▶ [INPUT DATA]:
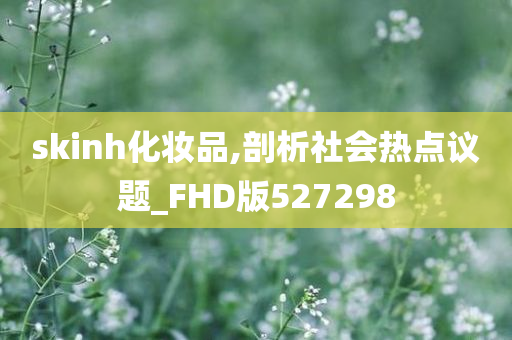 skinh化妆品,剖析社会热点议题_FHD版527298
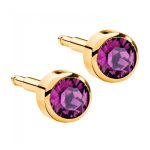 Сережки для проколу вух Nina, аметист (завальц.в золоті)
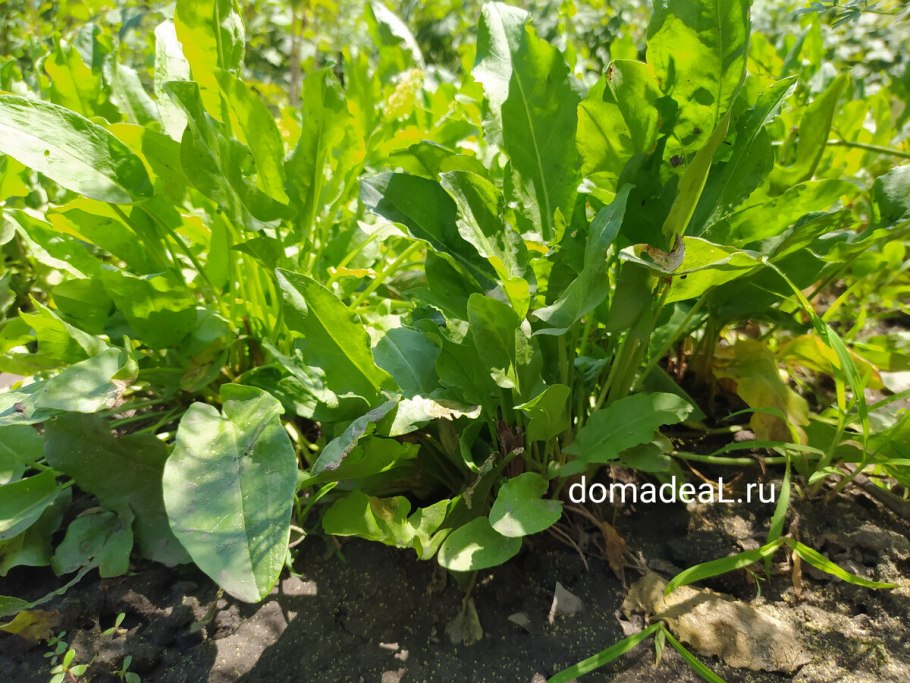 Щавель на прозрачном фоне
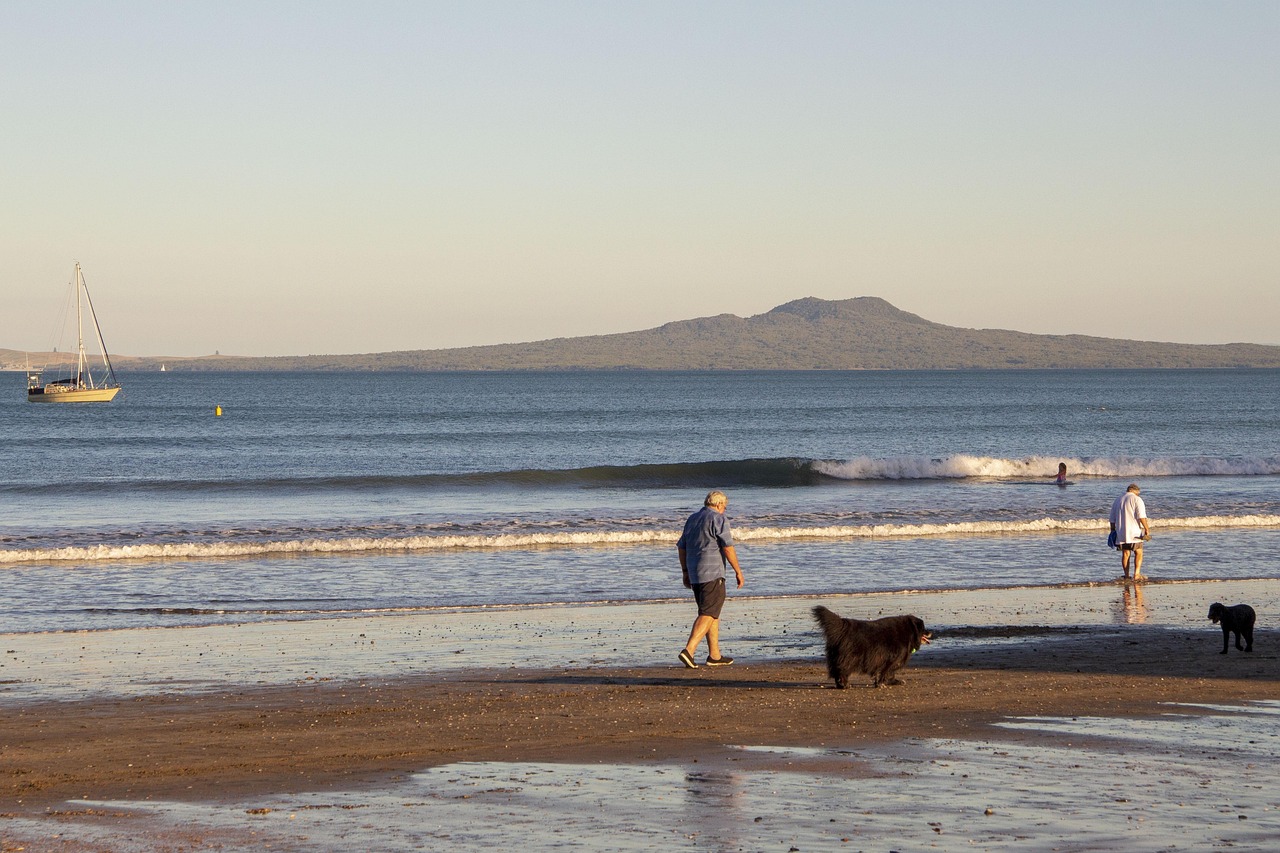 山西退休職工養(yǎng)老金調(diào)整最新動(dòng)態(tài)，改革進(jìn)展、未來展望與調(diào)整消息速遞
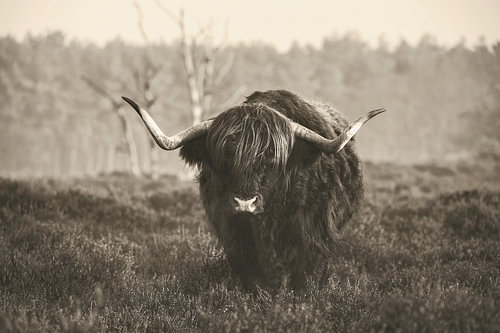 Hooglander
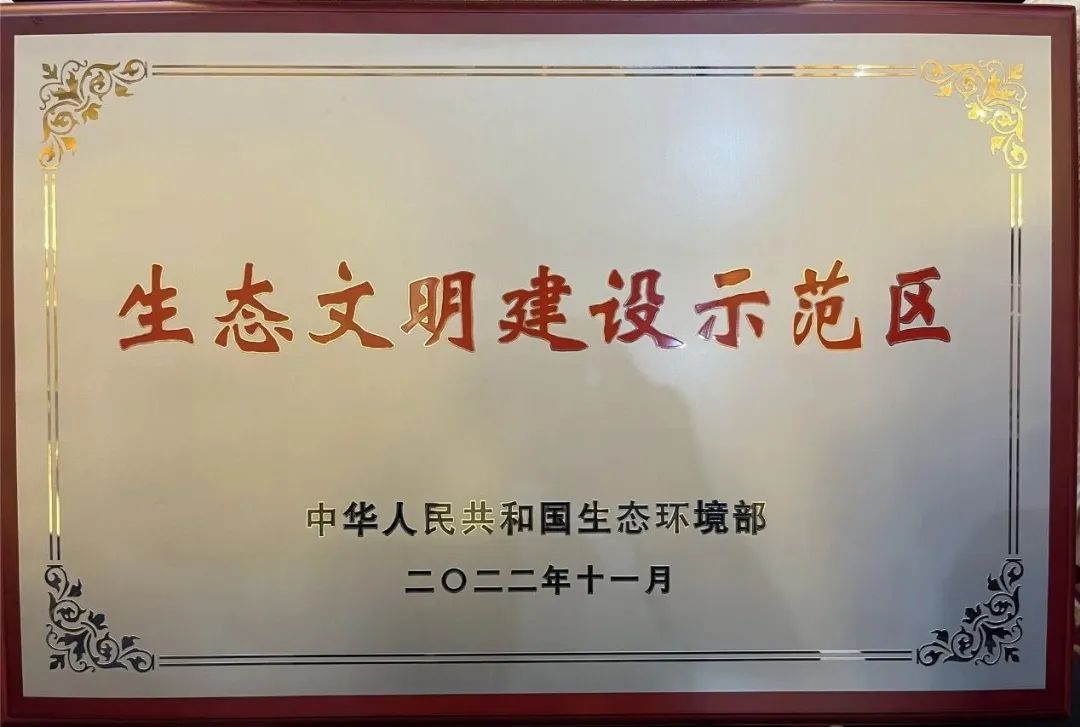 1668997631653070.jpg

▶ [TASK ITEM]: Only the lines from the one holding "Щавель на прозрачном фоне" through the end of the data are to be printed, exactly as they stand and with no pictures.

▶ [SOLUTION]:
 Щавель на прозрачном фоне
 山西退休職工養(yǎng)老金調(diào)整最新動(dòng)態(tài)，改革進(jìn)展、未來展望與調(diào)整消息速遞
 Hooglander
 1668997631653070.jpg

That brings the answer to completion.